I'm not really keen on either hotels (all those identical, characterless rooms) or B&Bs (sharing close quarters with strangers). When Rosenbeans and I went to London for a week in 2004, we had accommodations that worked out really well. We stayed at the Langorf Hotel, which is actually three Edwardian terrace houses in Frognal near the Finchley Road, two of which have B&B rooms and one -- where we stayed -- that is divided into studios and small apartments. We had a little apartment with a bedroom, full bathroom, kitchenette, and lounge with a sofa bed that I slept on, a table with four chairs and a TV with four channels. We even had one of those European washer/dryers, but sadly it leaked all over the floor of the kitchenette due to a torn gasket and we had to finish washing and rinsing our underwear and socks in the tub and hang them all over the apartment to dry.

But I digress. When I started to look for a place to stay in Santa Fe, I typed things like "weekly rental Santa Fe" and "vacation apartment Santa Fe" into Google, and a few clicks kept leading me to the same place: Chapelle Street Casitas. Run in conjunction with Casa del Toro B&B, this place is made up of several properties within a couple blocks just north of the Georgia O'Keeffe Museum. All the reviews that I saw were glowing. I checked availability online and watched videos of several of the available spaces. I liked the sound of this unit from the description on the website:


This one has 100 year old plank wood floors and is an old old adobe that has settled a bit here and there. Bottom line is there is not a level spot in the whole room. There is a full bath with acid stained concrete walls. Best thing is gas burning stove in the Living Room that keeps everything nice and cozy.

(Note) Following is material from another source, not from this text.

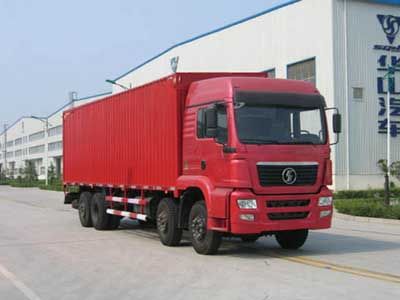 Shaanxi Automobile SX5315XXYGK50B Box transport vehicle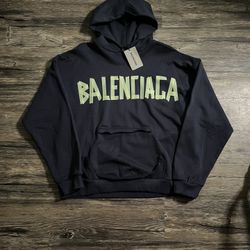 Balenci Tape hoodie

There's also a full kitchen that looks frozen in time, circa 1965, as well as satellite TV and wifi. When I called and spoke to Paul on the phone, he told me that this unit is funky and old fashioned. I asked if it's clean, safe and quiet, and he assured me that it is. Sounds a lot like me: vintage, funky, clean and quiet. So I booked it. Here's the best part: $68/night plus tax. That comes to a bit under $400 for five nights.

Paul told me that I'd receive an e-mail confirmation in a few minutes (I did) and that it would contain several pages of detailed info about the accommodations (indeed, it did). He encouraged me to contact them with any questions, but cautioned that there would be severe consequences if I was to ask anything that's explained in the e-mail. I'm sure they get their share of needy, whiny yuppies as guests, so the peremptory strike is fair and understandable.

Now that I've got my reservations for flights and accommodations sorted, I'll move on to start my research of what to do while I'm in Santa Fe. More on that later, mates.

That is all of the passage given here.